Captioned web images
++++++++++

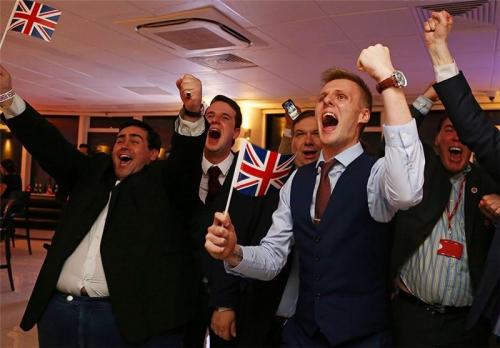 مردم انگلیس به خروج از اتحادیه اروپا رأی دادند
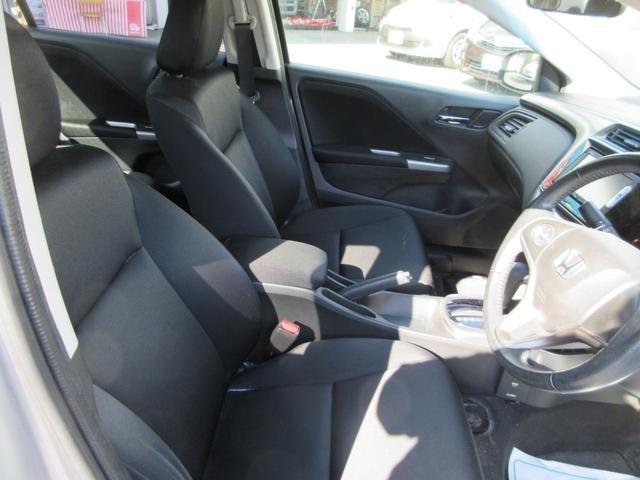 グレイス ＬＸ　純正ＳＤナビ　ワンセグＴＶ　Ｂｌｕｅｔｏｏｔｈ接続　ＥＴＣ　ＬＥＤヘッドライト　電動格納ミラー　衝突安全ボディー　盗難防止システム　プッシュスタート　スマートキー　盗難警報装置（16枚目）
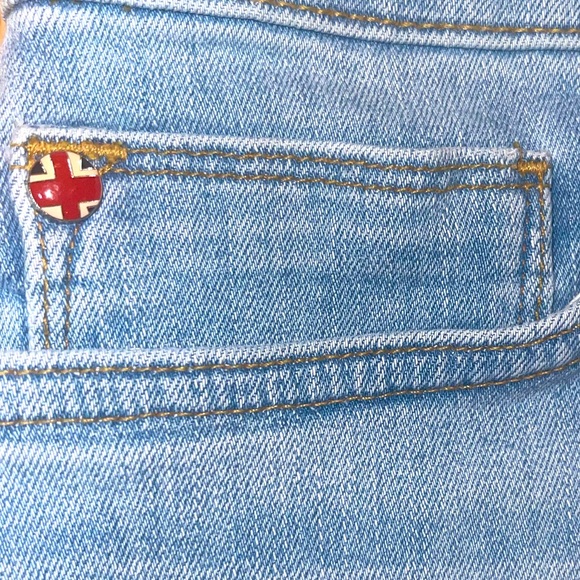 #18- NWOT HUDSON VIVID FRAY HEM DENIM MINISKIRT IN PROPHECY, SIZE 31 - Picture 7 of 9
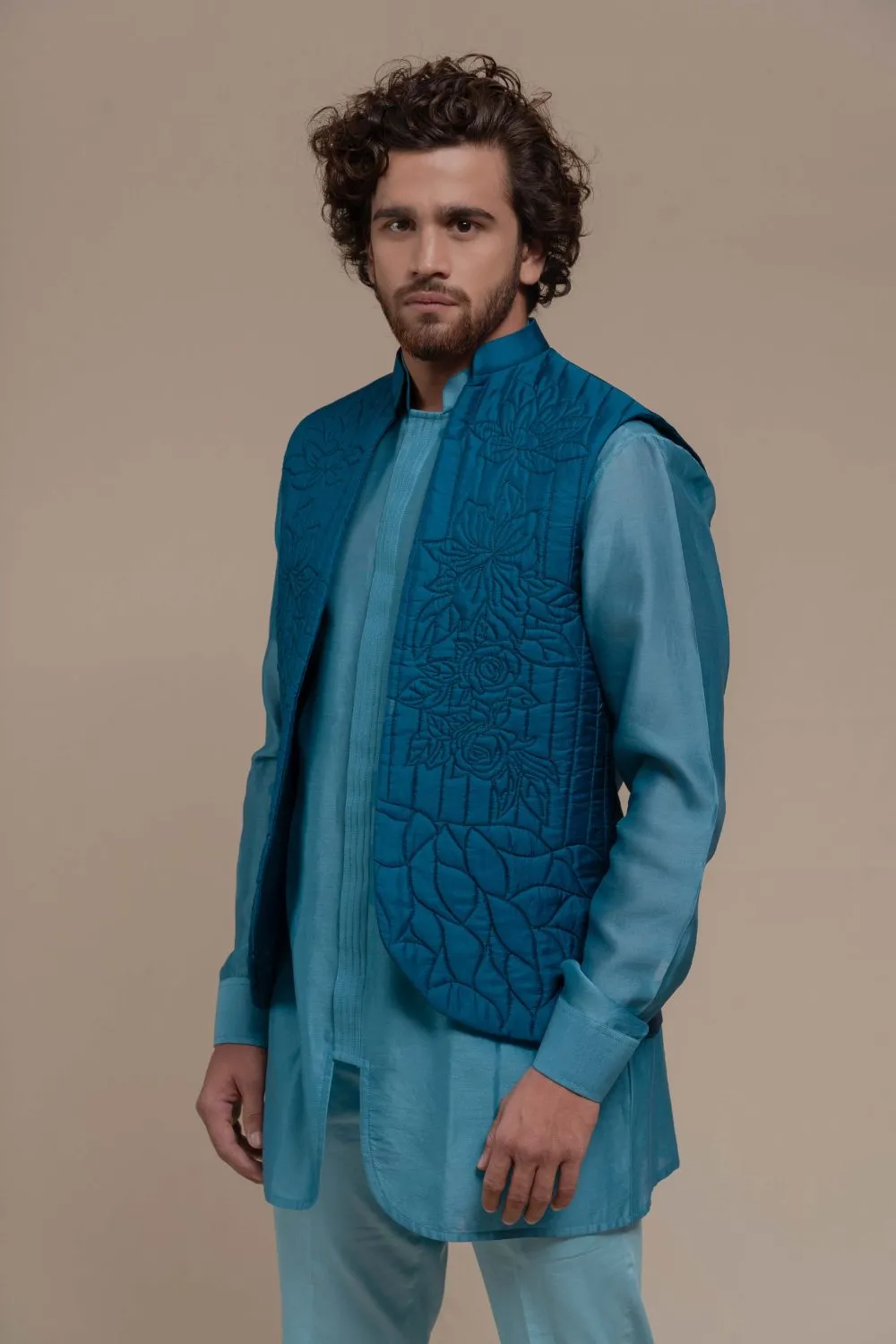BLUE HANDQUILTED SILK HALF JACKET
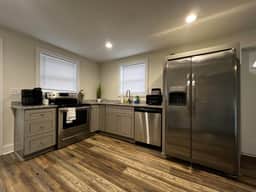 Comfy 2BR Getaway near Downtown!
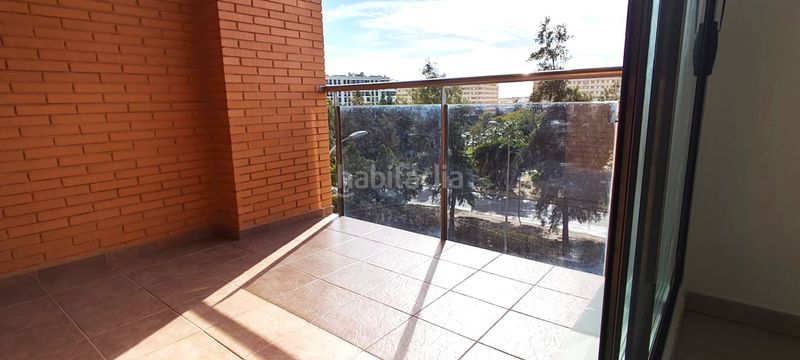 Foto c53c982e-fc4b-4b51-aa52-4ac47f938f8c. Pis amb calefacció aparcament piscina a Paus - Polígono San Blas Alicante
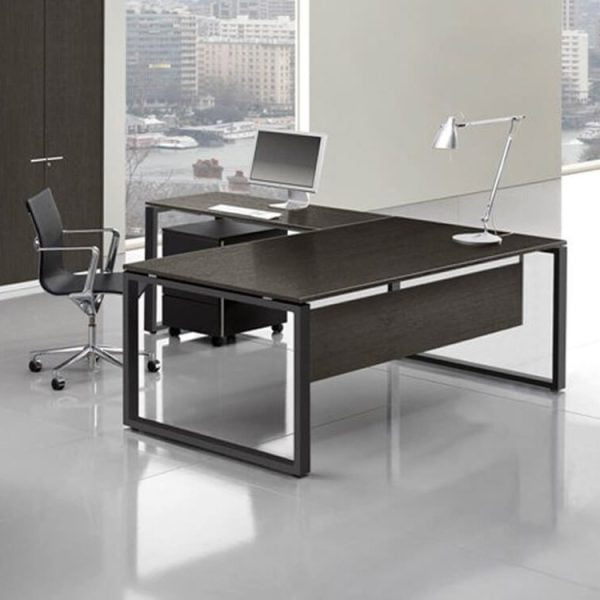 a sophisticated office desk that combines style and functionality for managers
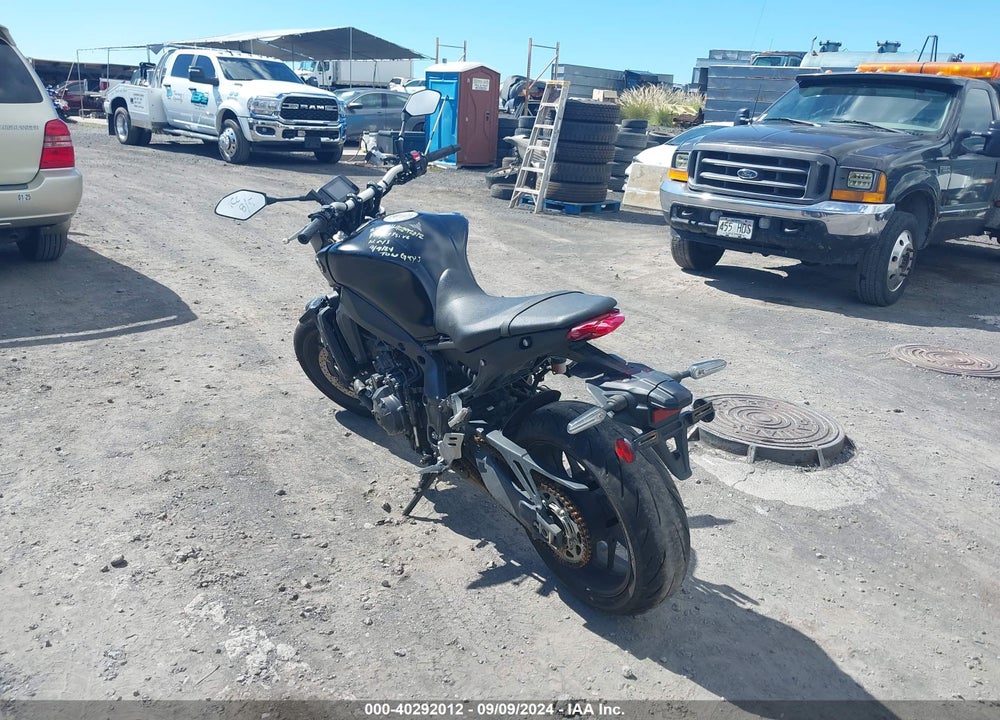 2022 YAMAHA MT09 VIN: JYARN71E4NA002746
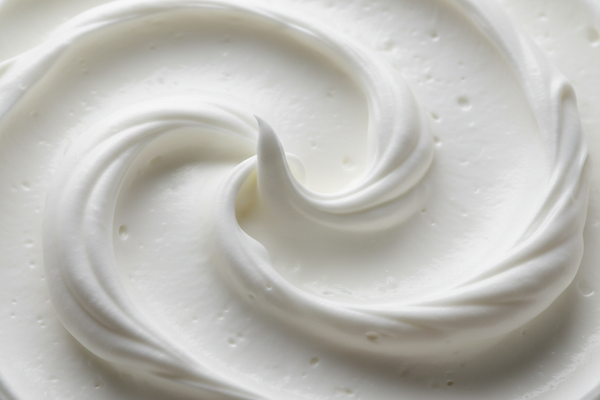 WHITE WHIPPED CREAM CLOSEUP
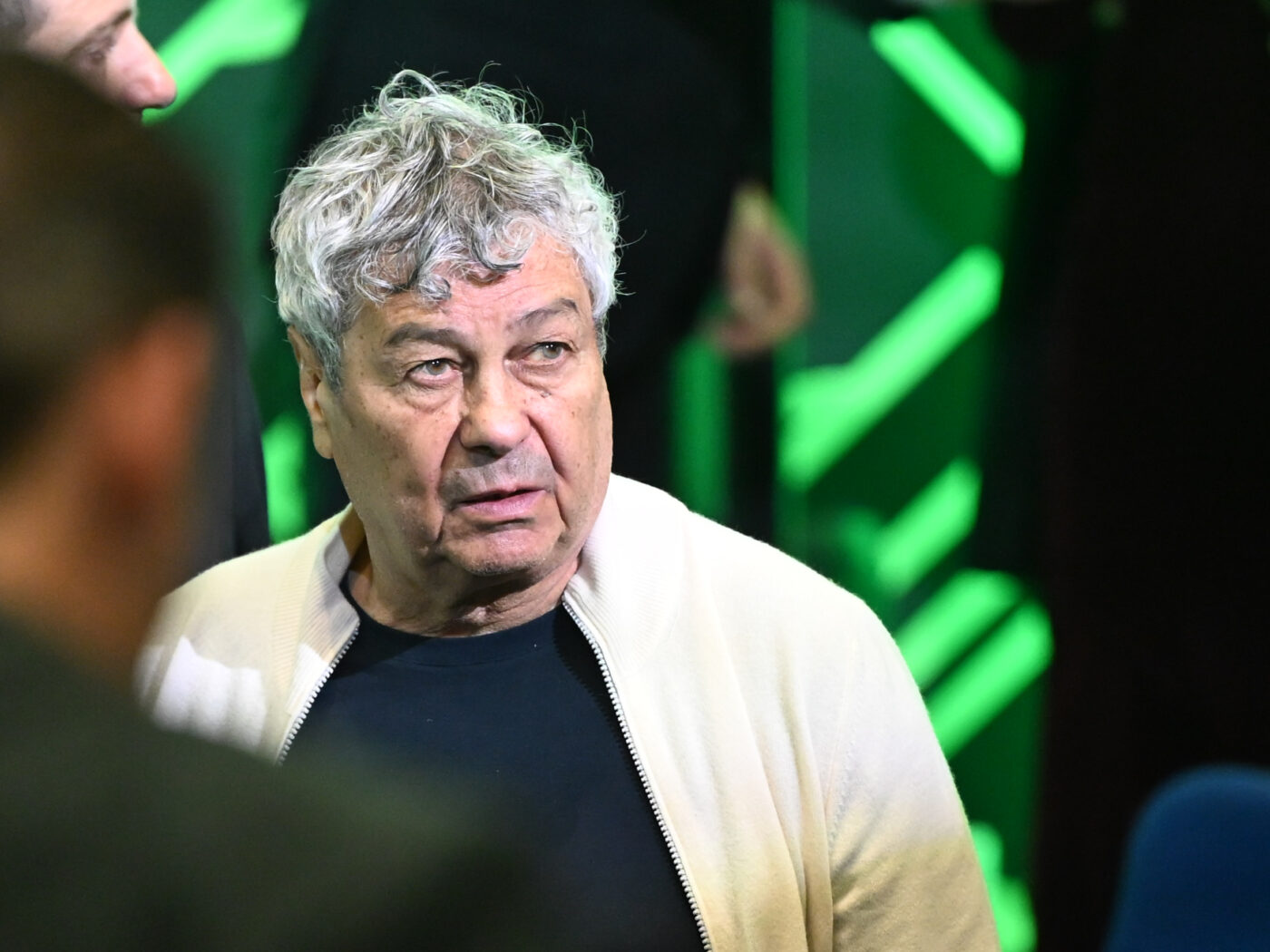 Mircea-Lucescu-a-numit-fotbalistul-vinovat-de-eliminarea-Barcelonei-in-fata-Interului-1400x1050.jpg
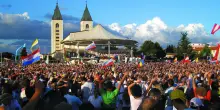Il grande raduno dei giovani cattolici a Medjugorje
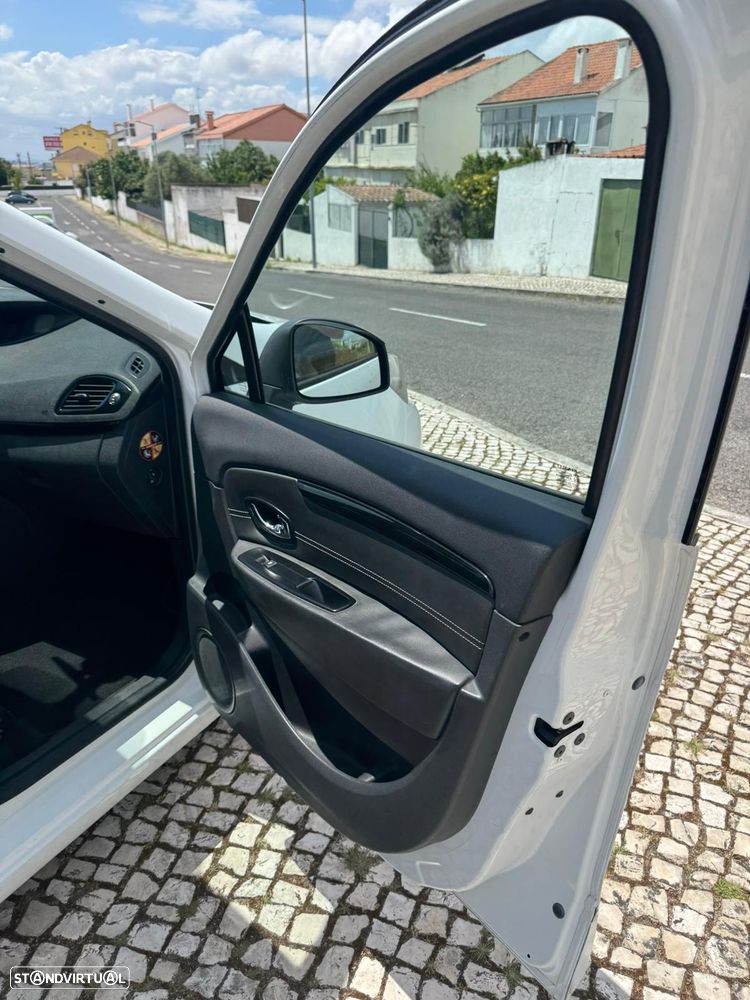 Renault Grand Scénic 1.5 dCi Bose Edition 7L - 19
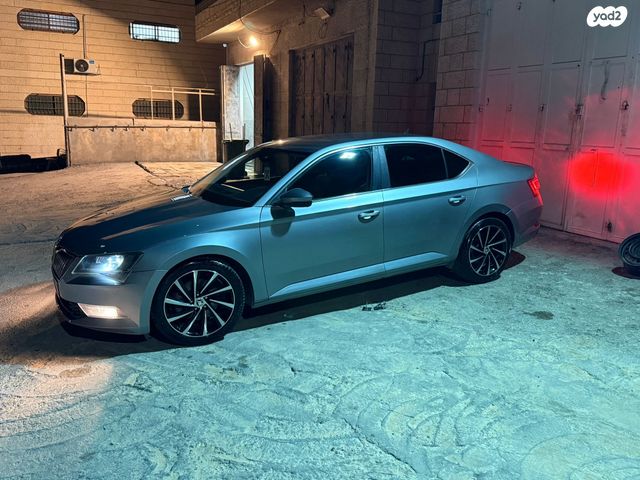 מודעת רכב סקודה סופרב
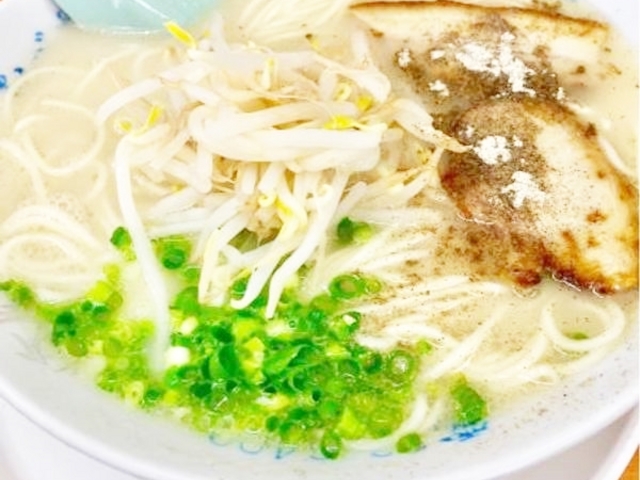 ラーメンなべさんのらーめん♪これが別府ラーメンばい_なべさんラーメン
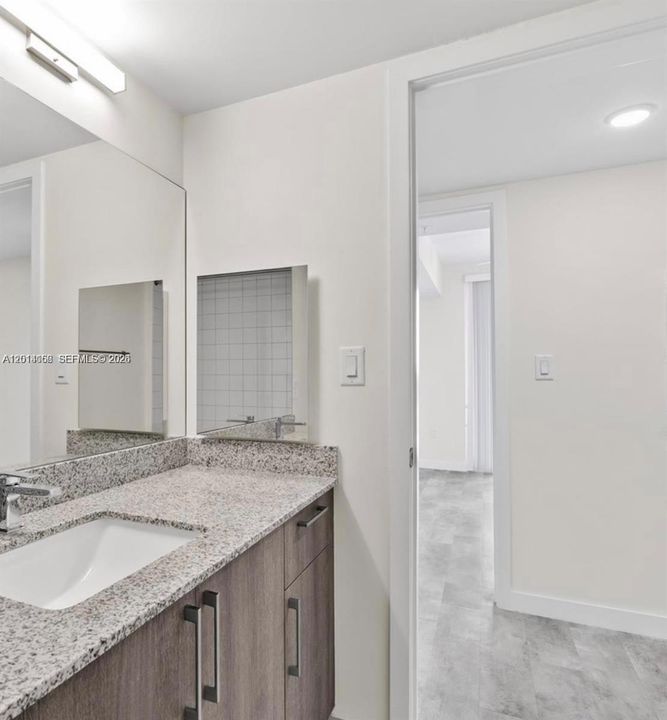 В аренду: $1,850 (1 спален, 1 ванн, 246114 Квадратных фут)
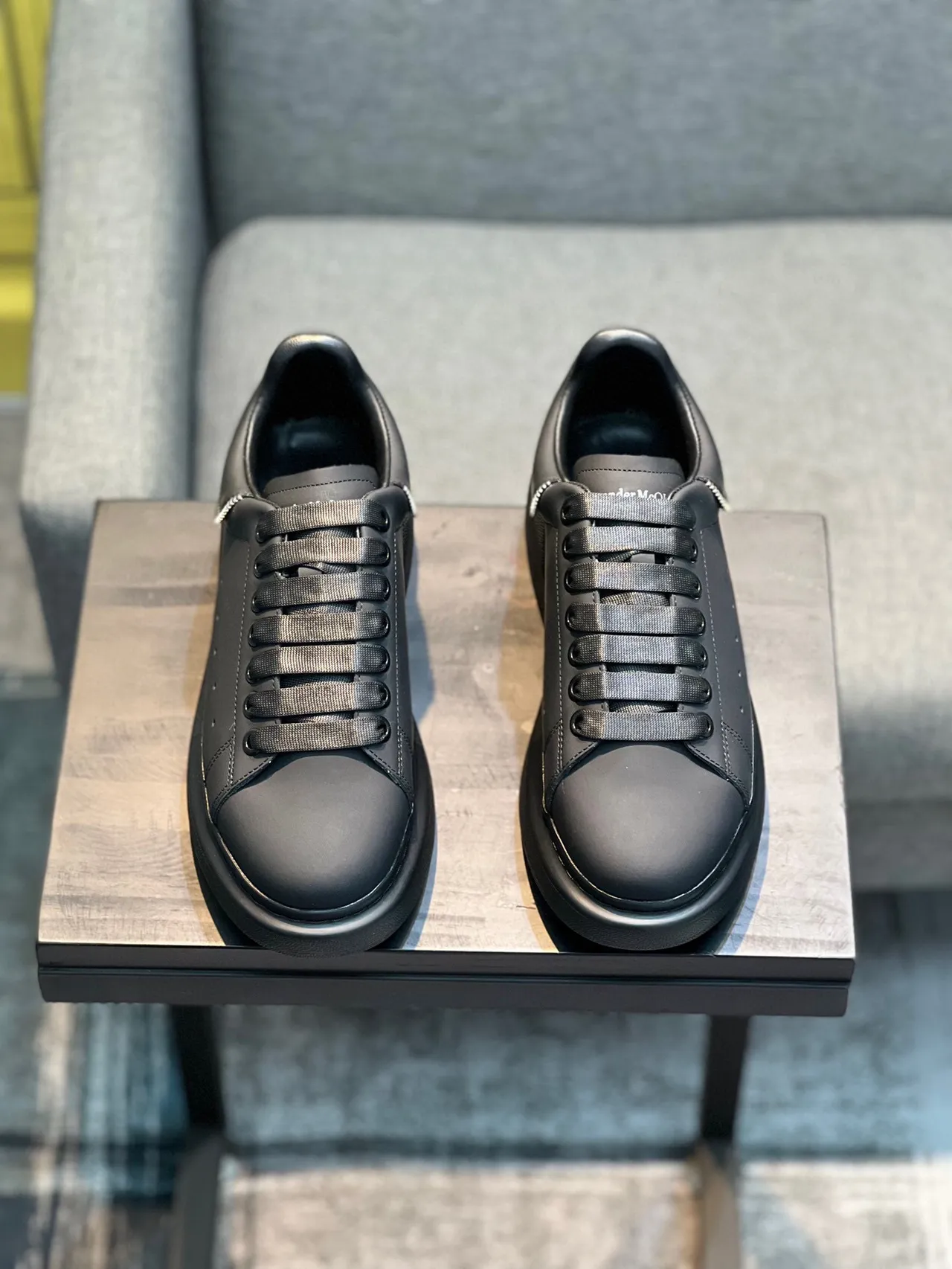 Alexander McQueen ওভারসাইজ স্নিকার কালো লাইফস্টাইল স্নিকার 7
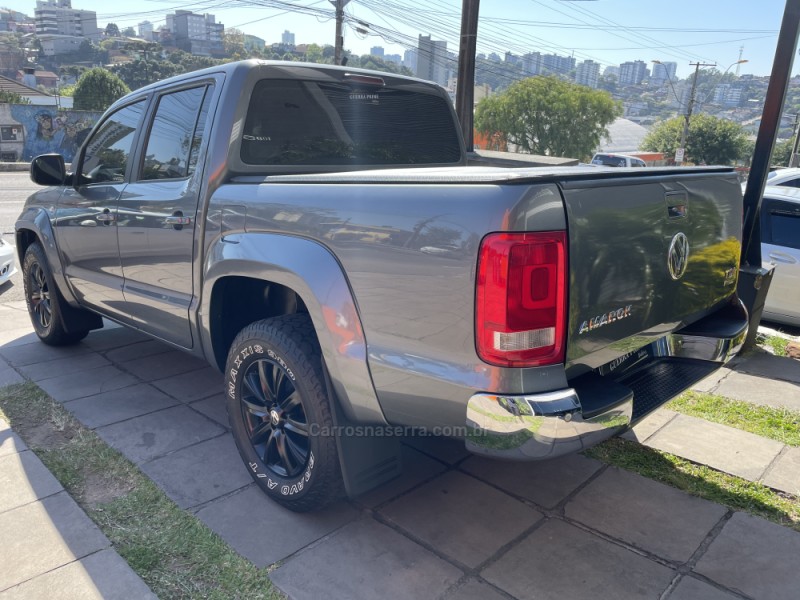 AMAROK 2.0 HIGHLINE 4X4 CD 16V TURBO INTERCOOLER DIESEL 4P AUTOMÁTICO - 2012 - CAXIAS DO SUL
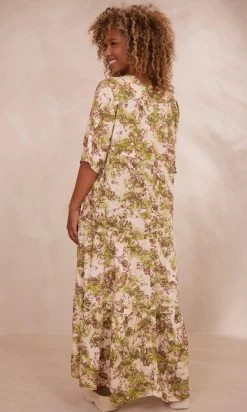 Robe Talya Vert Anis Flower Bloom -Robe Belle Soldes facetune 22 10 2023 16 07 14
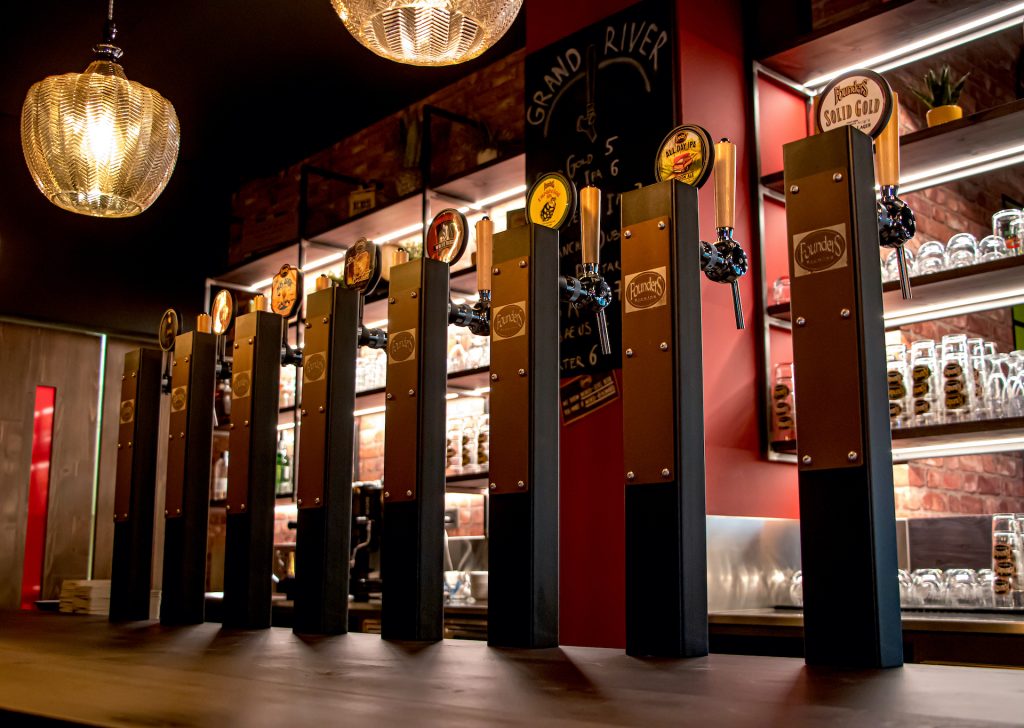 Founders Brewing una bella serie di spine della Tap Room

++++++++++

Render the records above word for word and leave the pictures out.

 مردم انگلیس به خروج از اتحادیه اروپا رأی دادند
 グレイス ＬＸ　純正ＳＤナビ　ワンセグＴＶ　Ｂｌｕｅｔｏｏｔｈ接続　ＥＴＣ　ＬＥＤヘッドライト　電動格納ミラー　衝突安全ボディー　盗難防止システム　プッシュスタート　スマートキー　盗難警報装置（16枚目）
 #18- NWOT HUDSON VIVID FRAY HEM DENIM MINISKIRT IN PROPHECY, SIZE 31 - Picture 7 of 9
BLUE HANDQUILTED SILK HALF JACKET
 Comfy 2BR Getaway near Downtown!
 Foto c53c982e-fc4b-4b51-aa52-4ac47f938f8c. Pis amb calefacció aparcament piscina a Paus - Polígono San Blas Alicante
 a sophisticated office desk that combines style and functionality for managers
 2022 YAMAHA MT09 VIN: JYARN71E4NA002746
 WHITE WHIPPED CREAM CLOSEUP
 Mircea-Lucescu-a-numit-fotbalistul-vinovat-de-eliminarea-Barcelonei-in-fata-Interului-1400x1050.jpg
Il grande raduno dei giovani cattolici a Medjugorje
 Renault Grand Scénic 1.5 dCi Bose Edition 7L - 19
 מודעת רכב סקודה סופרב
 ラーメンなべさんのらーめん♪これが別府ラーメンばい_なべさんラーメン
 В аренду: $1,850 (1 спален, 1 ванн, 246114 Квадратных фут)
 Alexander McQueen ওভারসাইজ স্নিকার কালো লাইফস্টাইল স্নিকার 7
 AMAROK 2.0 HIGHLINE 4X4 CD 16V TURBO INTERCOOLER DIESEL 4P AUTOMÁTICO - 2012 - CAXIAS DO SUL
 Robe Talya Vert Anis Flower Bloom -Robe Belle Soldes facetune 22 10 2023 16 07 14
 Founders Brewing una bella serie di spine della Tap Room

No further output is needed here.